### YOUR TASK:
Below are lines of data; restate word for word those running from the line containing "Danuta, Kobieta, 54, Głuszyca, Polska, Zdjęcie: 2" to the line containing "15 Thurmand Court, Roxburgh Park VIC 3064", inclusive, and no others.

### DATA TO PROCESS:
--

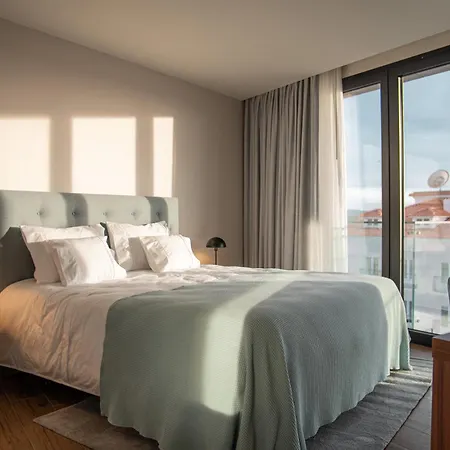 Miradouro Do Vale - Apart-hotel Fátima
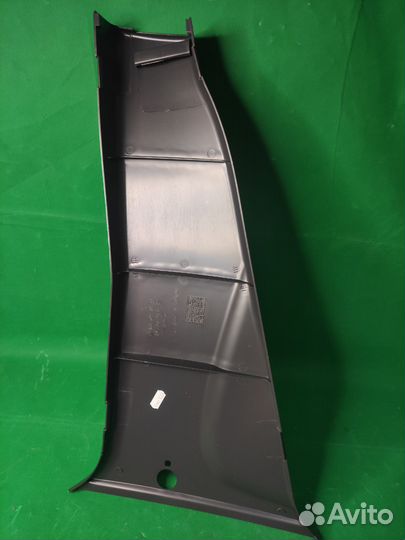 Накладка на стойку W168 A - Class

--

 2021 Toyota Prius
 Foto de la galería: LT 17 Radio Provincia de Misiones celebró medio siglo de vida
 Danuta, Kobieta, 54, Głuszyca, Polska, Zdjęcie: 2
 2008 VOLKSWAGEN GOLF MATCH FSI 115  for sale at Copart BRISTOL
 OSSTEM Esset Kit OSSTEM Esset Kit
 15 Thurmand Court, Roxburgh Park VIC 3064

--

### YOUR RESPONSE:
 Danuta, Kobieta, 54, Głuszyca, Polska, Zdjęcie: 2
 2008 VOLKSWAGEN GOLF MATCH FSI 115  for sale at Copart BRISTOL
 OSSTEM Esset Kit OSSTEM Esset Kit
 15 Thurmand Court, Roxburgh Park VIC 3064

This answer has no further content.